Nothing sets off anxiety in the heart of a grade-school child more than the worlds "standardized testing." It's the bane of any student's existence. And recently, students, parents, and teachers alike have begun pushing back on the ever-increasing number of tests kids are subjected to.

Around the country, you'll find stories like these (and hundreds more), and it's happening without regard for political affiliation:


Growing up, most of us probably remember taking a test or two each year. But that's not the case anymore ... not by a long shot.

It turns out that kids are basically in standardized test mode constantly. And when you're busy cramming for the material that's likely to pop up on a test, you're not able to really learn.

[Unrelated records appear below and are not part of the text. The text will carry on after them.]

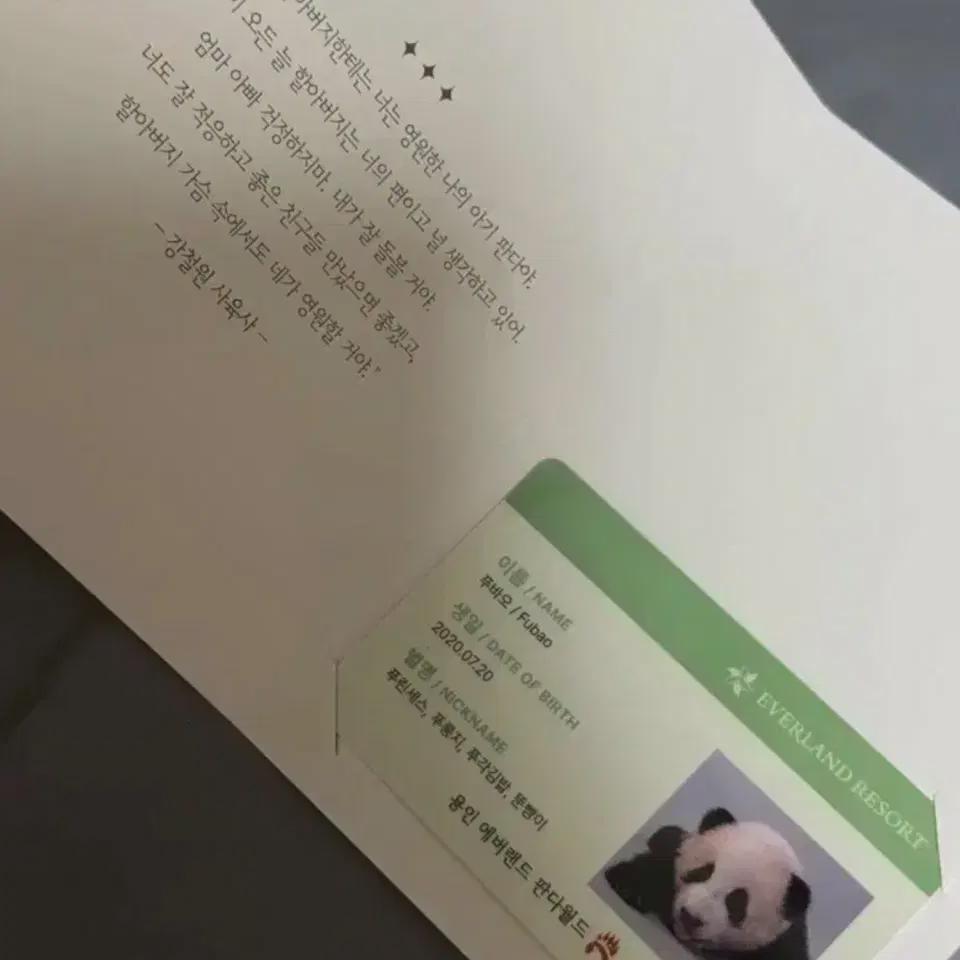 

Sell Of New Fubao Season s Greetings Id Kard
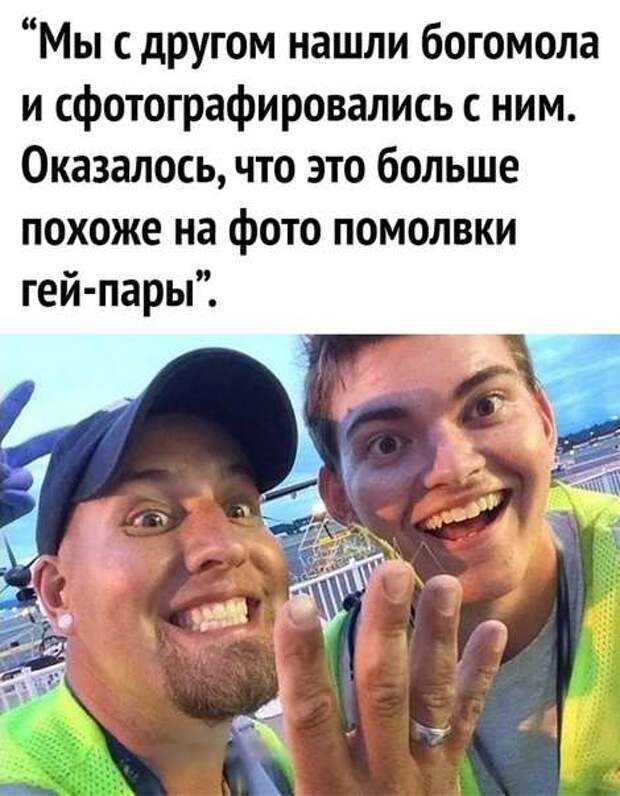 Тот самый неловкий момент. Чертовская Подборка chert-poberi-moment-chert-poberi-moment-50160625062020-1 картинка chert-poberi-moment-50160625062020-1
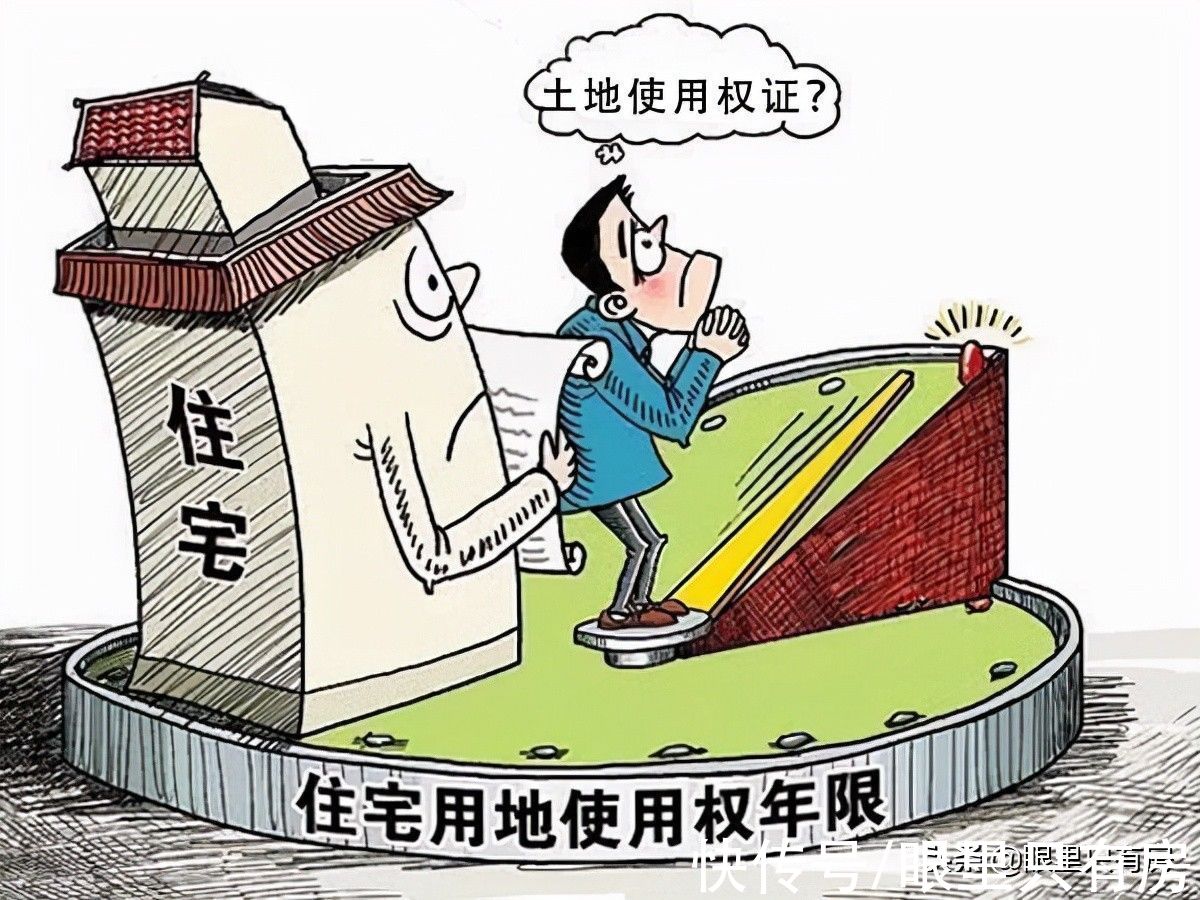 房产证|谣言害死人！关于房产证过户的5大谣言，谁信谁吃亏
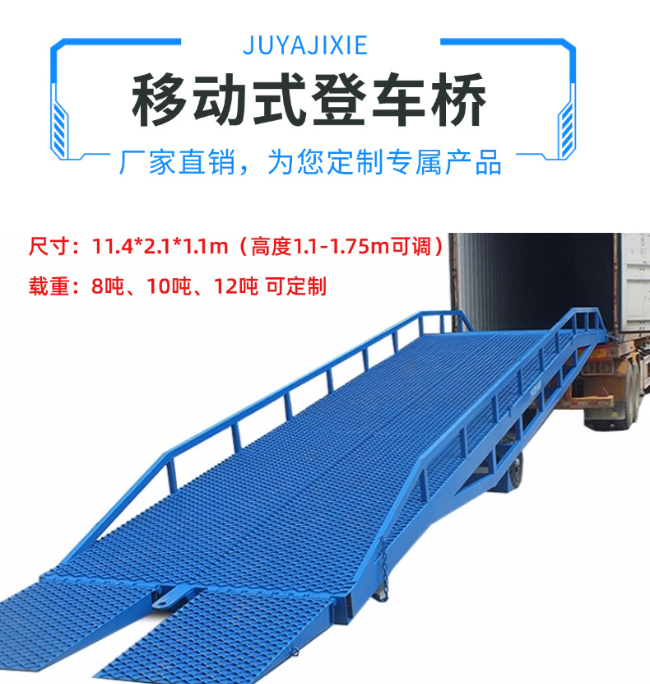 中山移动式登车桥规格详解与应用场景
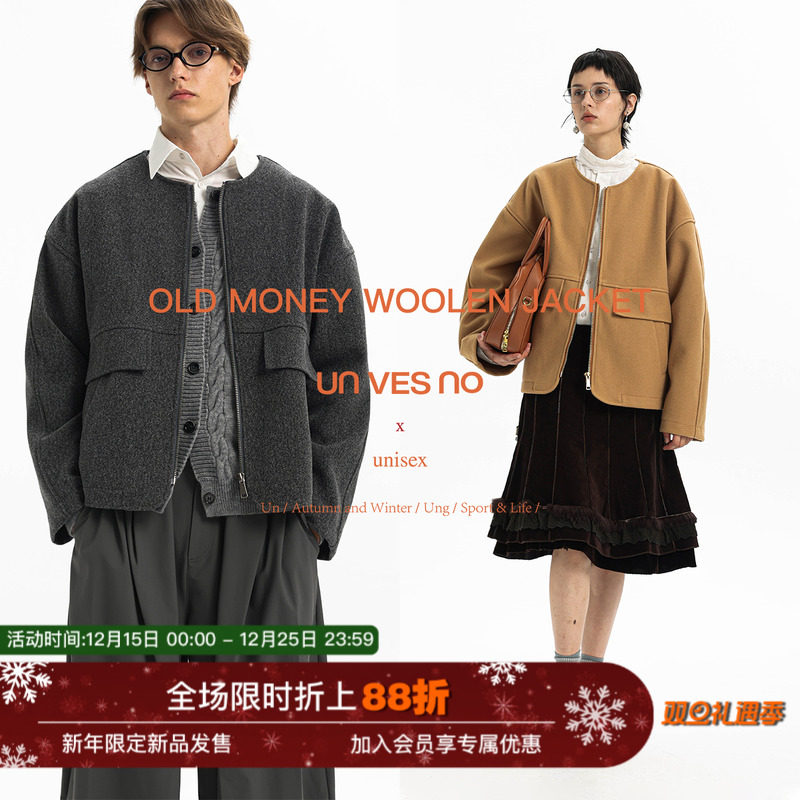 【680G毛呢绒】Unvesno(UN) 极简老钱风慵懒绅士圆领拉链外套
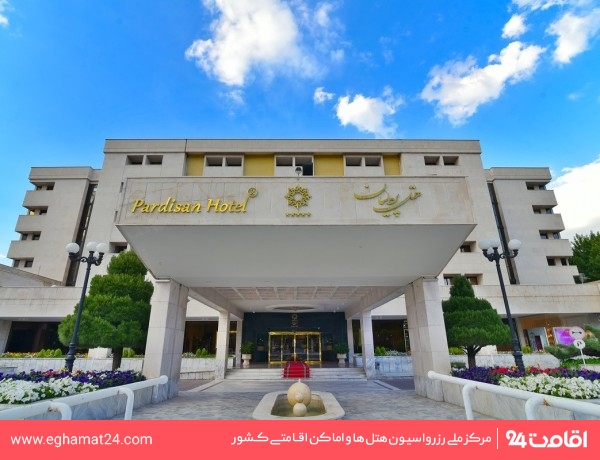 عکس اتاقهای هتل پارسیان مشهد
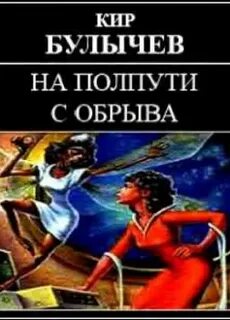 Галактическая полиция На полпути с обрыва
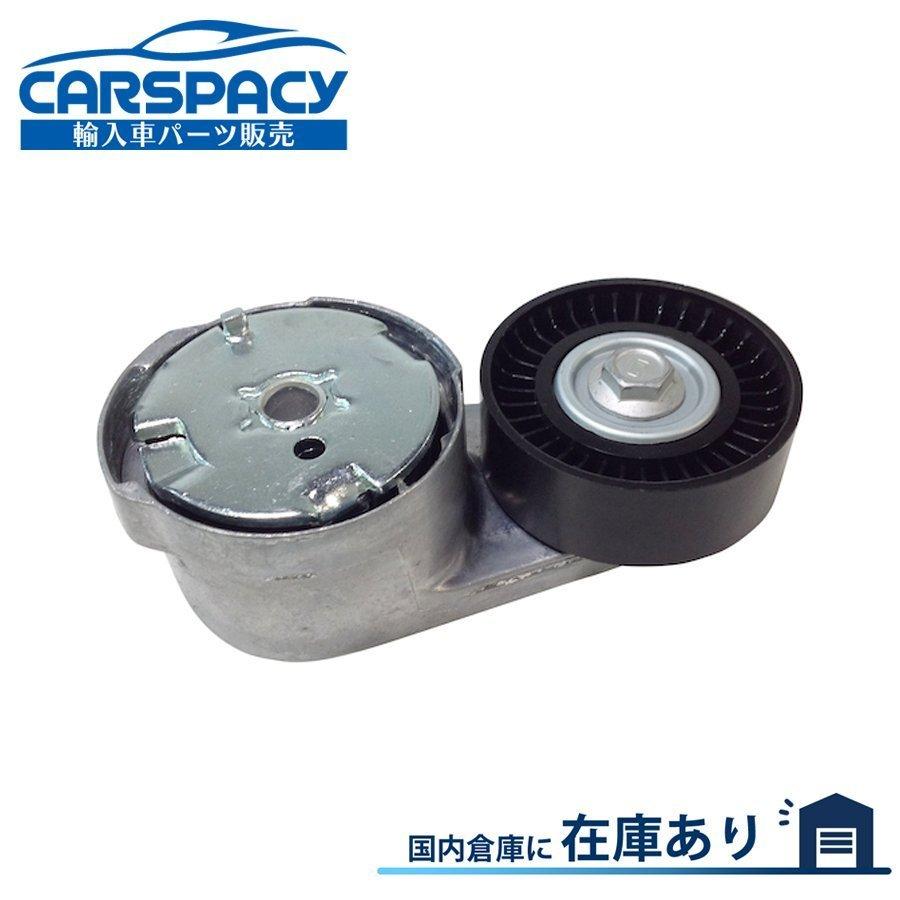 新品即納20112021 ダッジ デュランゴ ジープ グランドチェロキー 3.6L ベルトテンショナー 6ヶ月保証 20221121002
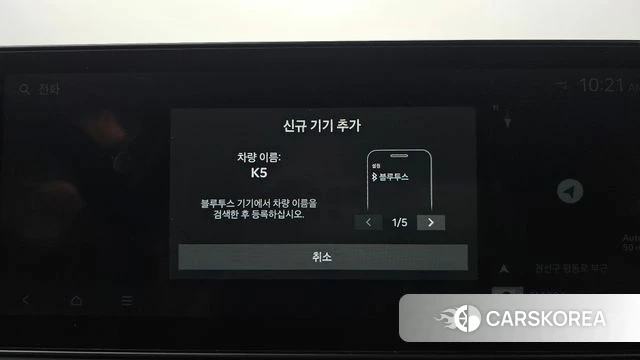 Kia The New K5 3rd generation id 4635344 из Кореи 22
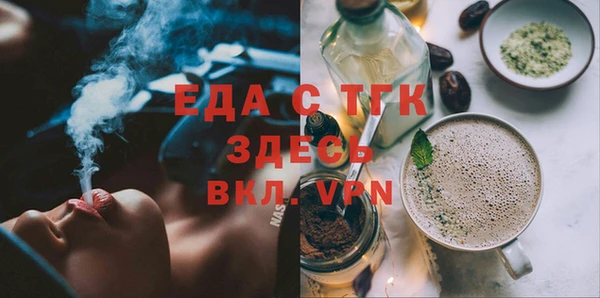 синтетический гашиш Баксан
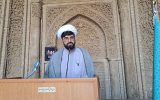کبریایی: ماه ربیع‌الاول فرصتی برای بازخوانی سیره پیامبر(ص) است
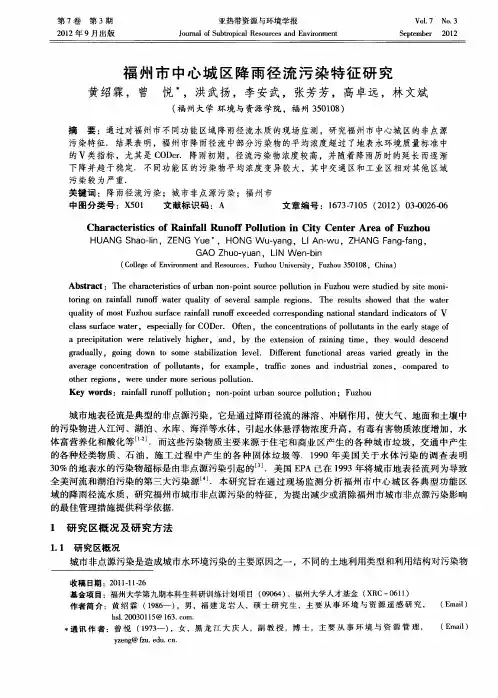 福州市中心城区降雨径流污染特征研究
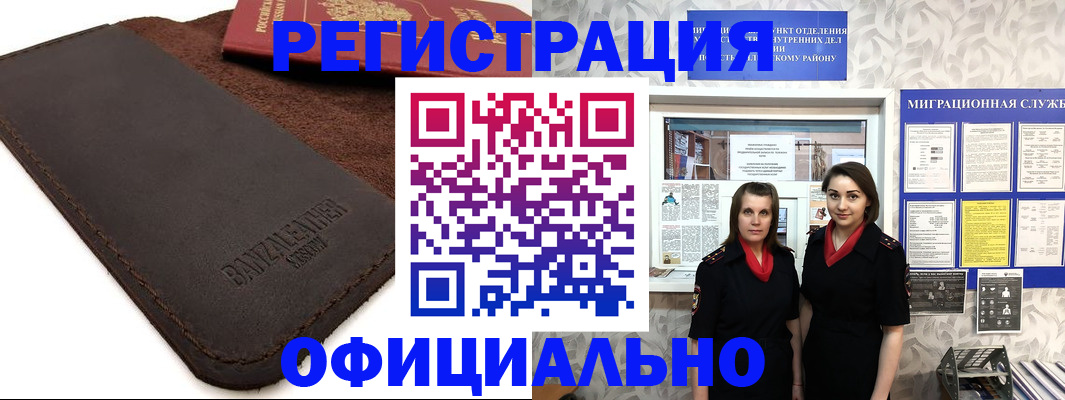 прописка иностранных граждан в Нижнеудинске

To which Oliver responded:

Where did all these tests come from? To answer that, we need to go all the way back in time to 2002 for No Child Left Behind.

No Child Left Behind is a 2002 act of Congress that pushed standards-based education reform and set guidelines for the distribution of federal money for schools based on performance.

Former President George W. Bush in 2001 on what must have been "take your commander-in-chief to school day."

While No Child Left Behind was supported by virtually every politician in office at the time, it's become something most try to hide from — even though it's still in effect.

Whether you're looking at people on the political left or right, a "yes" vote on No Child Left Behind has become a stain on their record.

It passed the House of Representatives by a vote of 384-45.

It passed the Senate by a vote of 91-8.

(I challenge you to find major legislation that Congress can agree to at that rate these days.)

And so that brings us back to today. How do we measure progress? Tests. Lots and lots of tests.

And this is where No Child Left Behind led us astray.

In Oliver's segment, he highlights that the number of federally mandated tests has nearly tripled as the result of No Child Left Behind. Tripled!

And this doesn't even take into account all the state-level tests that students have to take.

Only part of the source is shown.